Wattles's framework begins with a metaphysical claim: there exists a Thinking Substance that permeates and penetrates all things. This substance thinks, and every thought takes form in it. When a person holds a clear mental image of what they desire — with faith, gratitude, and purposeful action — they impress this image on the Thinking Substance, which then moves to manifest it in physical reality through the available channels of supply and circumstance.
This is New Thought metaphysics stated with unusual directness. Wattles does not hedge or qualify — he presents the system as a science, with laws as reliable as gravity, and argues that poverty is not virtue but waste, and that any person who applies the system correctly will become wealthy.

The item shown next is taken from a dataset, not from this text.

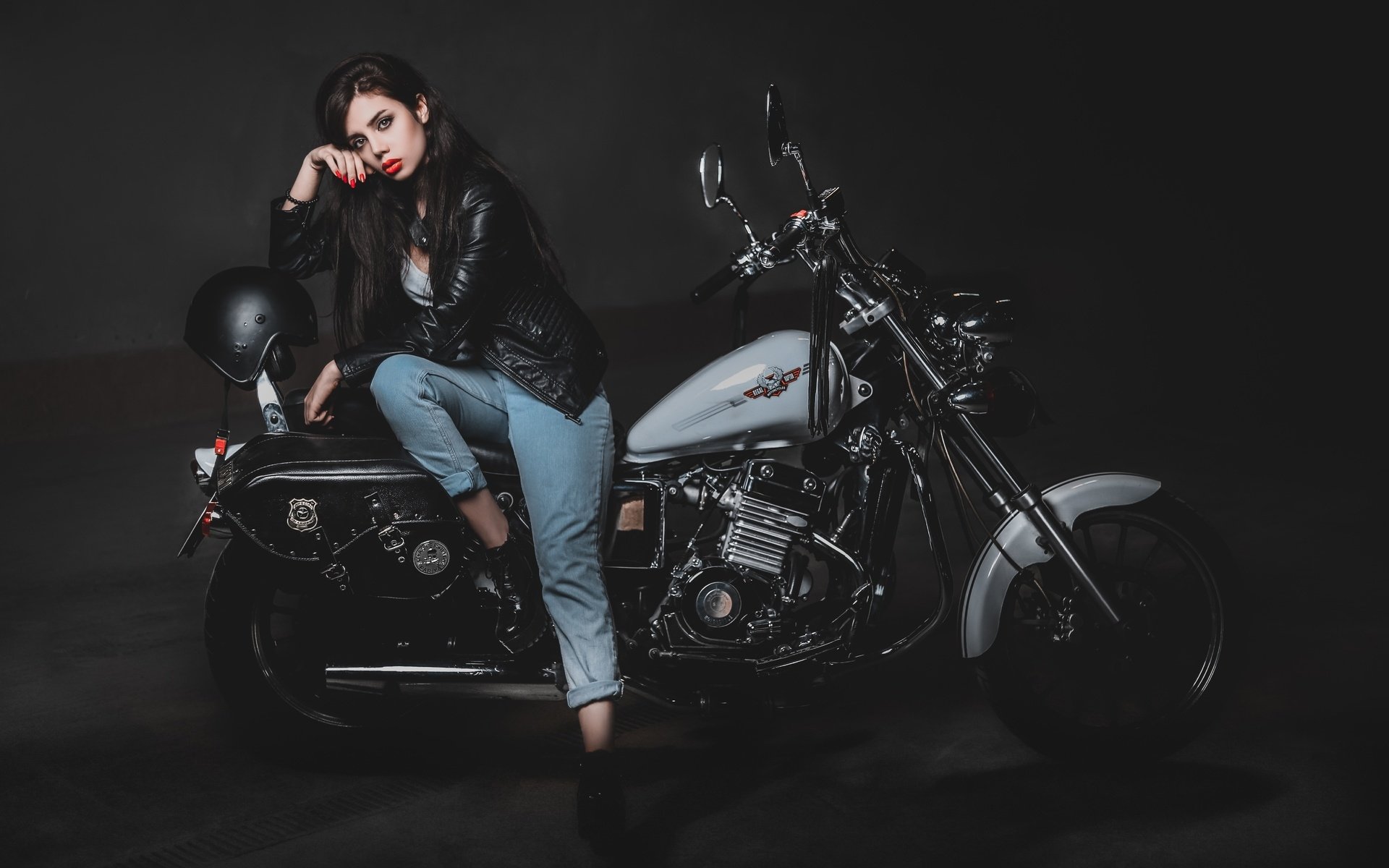 Biker girls: style and drive in Nasiriya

His confidence borders on the absolute, which is simultaneously the book's greatest strength and its most significant limitation.

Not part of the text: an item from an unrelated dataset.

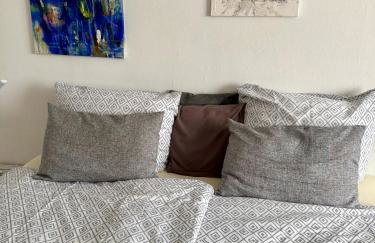 Lichtdurchflutete große Wohnung - Foto 13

There is a thinking stuff from which all things are made, and which, in its original state, permeates, penetrates, and fills the interspaces of the universe. A thought in this substance produces the thing that is imaged by the thought.
— Wallace Wattles, The Science of Getting RichWattles's life is a useful test case for his own system. He spent decades studying and applying New Thought principles without achieving the wealth he wrote about — which either means the principles don't work, that he wasn't applying them correctly until the end, or that external circumstances (poverty, limited opportunity, the historical period) created obstacles the mental system alone could not overcome. Wattles himself would say it was the second option; critics would say it's the third.

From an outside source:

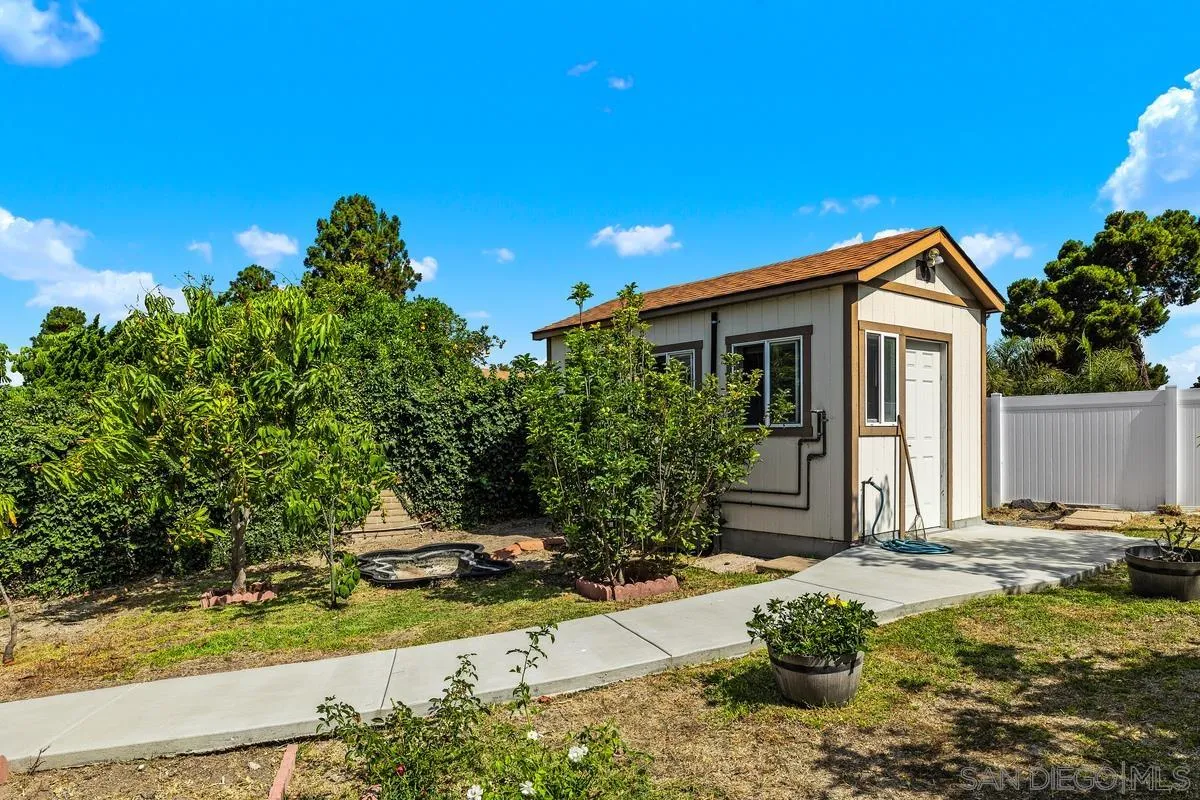https://cdn.realtyfeed.com/cdn/127/250036442/28c2e38e549e911f9ac2781b53666a8b.webp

The Science of Getting Rich is, regardless of its metaphysical claims, one of the most precisely written books in the New Thought tradition. Its argument is clear, its principles are specific, and its insistence on action alongside mental work distinguishes it from the more passive manifestation teaching that followed. Even a reader who rejects the Thinking Substance metaphysics will find practical value in the emphasis on clear goals, gratitude, creative rather than competitive thinking, and giving genuine value in exchange for what is received.